Activist Aims To Strengthen California's Consumer Privacy Act
DAVID GREENE, HOST:
It has been about a month now since California rolled out the toughest consumer data privacy law in the country. But already, there is talk of another law from the same guy who launched the first one. Rachael Myrow from member station KQED reports that there is a dispute about whether this latest bid might actually weaken the current law.
RACHAEL MYROW, BYLINE: To understand data privacy, Alastair Mactaggart of Oakland, Calif., wants you to imagine for half a minute that you're living with him and it's not going well.
ALASTAIR MACTAGGART: If you and I are partners and we're both wearing a Fitbit, that Fitbit knows everything about our lives - everything.
MYROW: Like if you two start sleeping in the same room or two different rooms.
MACTAGGART: It knows before anybody else - the technology. And it knows. And that's really valuable.
MYROW: Valuable because that's information that can be sold on to advertisers - everybody from linen companies and divorce attorneys that might monetize the information to data brokers who just want the information. To be fair, Fitbit is one of many companies collecting and sharing data we presume is private or should be. But unlike most of us, Mactaggart had the money to launch a political and then a legal conversation in California about surveillance-based advertising.

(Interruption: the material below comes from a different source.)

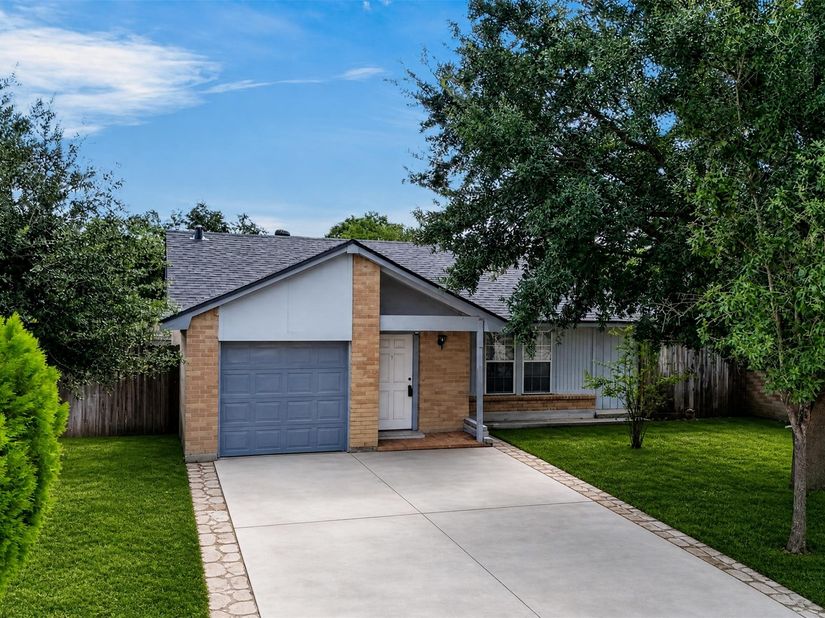 11918 E Marsham Circle, Houston TX 77066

MACTAGGART: Even two years ago, the consumer consciousness around privacy wasn't what it is now. Now people are, like - are kind of mad.
MYROW: Now, he says, he has an opportunity to take the toughest data privacy law in the nation and make it even tougher. So, for instance, his new initiative would create a new regulatory agency in California. But a number of other data privacy advocates say the fine print includes giveaways to business lobbyists. Mary Stone Ross is with the Electronic Information Privacy Center (ph) in D.C. now, but she co-authored the earlier initiative.
MARY STONE ROSS: So, for example, there's this definition of de-identified information. Sounds boring, but it's actually a really big deal because by definition, de-identified information is not personal information. And so if that definition is weakened, then it weakens the scope of the entire law. So sure enough, in this new initiative is a weakened definition of de-identified.
MYROW: Why does she care so much if she's moved to Washington, D.C.? Because in the absence of federal data privacy law, other states are looking to California.
ROSS: There's legislation that's going to be introduced in Florida and Colorado, potentially in New York.
JIM HALPERT: This is a sea change in regulation of privacy in the U.S.
MYROW: Jim Halpert is a corporate attorney with DLA Piper who advises companies about data privacy. He essentially backs up Ross' read from the other side of the negotiating table.
HALPERT: In the end of the day, the way I view the initiative is creating new rights without a legislative process, but then addressing some of the practical compliance issues that drove efforts to amend the law by the business community in 2019.
MYROW: That explains why few data privacy advocates expect Silicon Valley to lobby against the new initiative. They're getting what they want. And given growing public concerns about data privacy, people on both sides expect voters to find the basic idea of the California Privacy Rights Act of 2020 appealing.
For NPR News, I'm Rachael Myrow in San Jose.